With West Bromwich Albion possessing a significantly superior goal difference to Norwich City, the rubber-stamping of Sunderland’s once apparently impossible survival means that the team from Carrow Road are destined to join Fulham and Cardiff City in the Championship.
The goals were scored by the excellent Jack Colback and Fabio Borini but, not for the first time, Lee Cattermole held Poyet's side together and the enforcer departed to a standing ovation in the 87th minute.
Soon afterwards a near capacity crowd at one of English football’s biggest stadiums unleashed a roar which must have been held 12 miles up the road in Newcastle.
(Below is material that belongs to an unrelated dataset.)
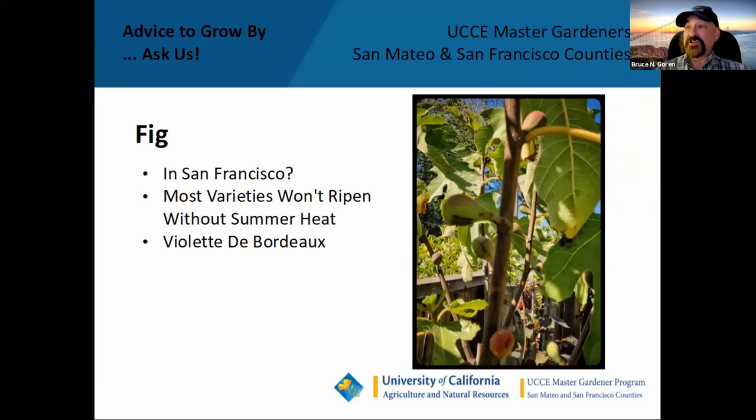Figs are a little dicey in San Francisco. Most of the varieties I've tried — brown turkey, black mission, black jack, and a couple others — just didn't ripen; the fruit grew but never got ripe. The first variety I've found that gives me ripe fruit is Violette de Bordeaux. The fruits are kind of small — about half the size of a mission fig — but they're really, really yummy with a deep red flesh. I actually get to eat one or two before the squirrels get to them.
An amalgam of thanks, joy and, above all, sheer relief, it sealed a triumph Poyet conceded would represent the greatest achievement of his life.
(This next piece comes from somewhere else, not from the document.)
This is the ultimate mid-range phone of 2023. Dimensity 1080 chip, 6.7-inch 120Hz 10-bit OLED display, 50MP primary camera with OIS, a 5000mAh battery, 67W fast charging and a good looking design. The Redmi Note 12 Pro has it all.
Poyet has not enjoyed the often bracing north-east weather and he warded off an unseasonably cold and wet May evening by sitting in the dugout with a rug wrapped around his legs for extra warmth.
Within minutes it was discarded, he rose to his feet and pumped thin air with his fists. Marcos Alonso overlapped from left back and having dodged Steven Reid, crossed in Colback's direction.
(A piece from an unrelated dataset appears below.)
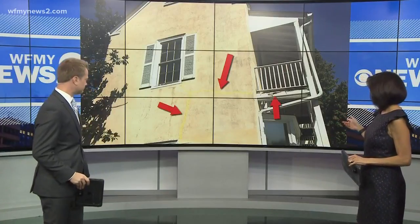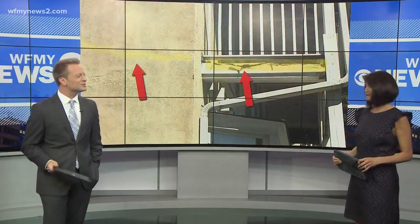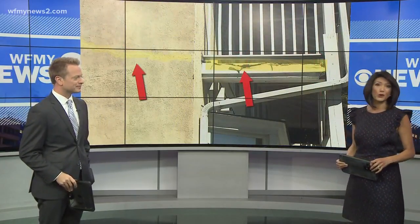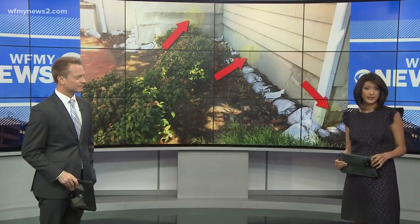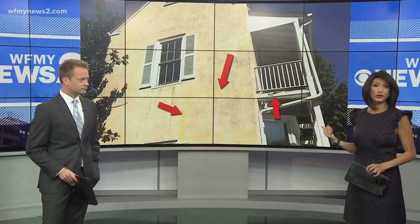Do you see these cracks? Would you want to work in a building that looks like that? Or what if you knew the building had a snake problem? It might make it hard to do your job. But the people who go to work day in and day out in these conditions have the job of protecting you, because this is the Guilford County Sheriff's Office building. Well, now they're getting a new building, thanks to County Commissioners.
Out of contract next month, Colback may well be Newcastle United bound this summer. No matter, he has remained one of Sunderland’s most committed and influential players, thriving in a more attacking midfield role under Poyet. Here he arrived in the area just in time to expertly half volley Alonso’s cross beyond Ben Foster.
With Foster having earlier been required to tip a Borini shot over the bar and Gareth McAuley coming within inches of diverting a whipped in Sebastian Larsson corner into his own net, West Brom could have been further behind.
On a night when Cattermole impressed in Poyet’s beloved anchoring midfield role and, a little further forward, Colback once again suggested he is underrated, Pepe Mel’s side were up against it.
Their task toughened once Sebastian Larsson, cleverly exploiting a chink of space, lifted a cute chipped pass into Borini’s path and the Liverpool loanee responded by volleying past Foster.
It was an exquisite move and a superb finish which probably left West Brom counting down the minutes until they could board the plane sitting on the tarmac at Newcastle airport and waiting to fly them back to Birmingham.
Despite odd flashes of skill from Saido Berahino and the Sunderland old boy Stéphane Sessègnon, Mel’s side failed to test Vito Mannone’s reflexes until the brink of half-time.
As the Wearsiders’ player of the season saved Berahino’s curling shot fairly comfortably, Poyet must have felt more than cautiously optimistic.
It seemed a comeback would require the sort of outrageous twist more commonly found in Mel’s acclaimed crime thrillers. Realising that Sunderland were taking the sting out of his side far too easily, the visiting manager and part-time novelist attempted to alter the agenda courtesy of a couple of half-time substitutions.
While Youssouf Mulumbu replaced the immensely disappointing Claudio Yacob in central midfield – where he barely seemed to have touched the ball during a less than authoritative 45 minutes – Craig Dawson replaced Reid.
Mel’s team perked up appreciably but cheered on by a crowd in excess of 45,000, Sunderland remained on course to record a fourth straight Premier League win for the first time since December 2000.
Yet with Mulumbu making a real difference, the game had assumed a slightly different complexion, enduring extended periods without regaining possession.
Poyet felt the need to emerge from his dugout and apparently urge his players to get a grip. He replaced Adam Johnson and Connor Wickham with Liam Bridcutt and Jozy Altidore. The latter could quickly have calmed the stadium’s nerves but instead Altidore shot wide after connecting with Colback’s highly inviting cross.
Another cross, from Borini this time, prompted a low shot from Santiago Vergini which crept, tantalisingly, round the outside of a post. Sunderland, though, had already done enough. As the banners reminded him: “Miracles do happen Gus.”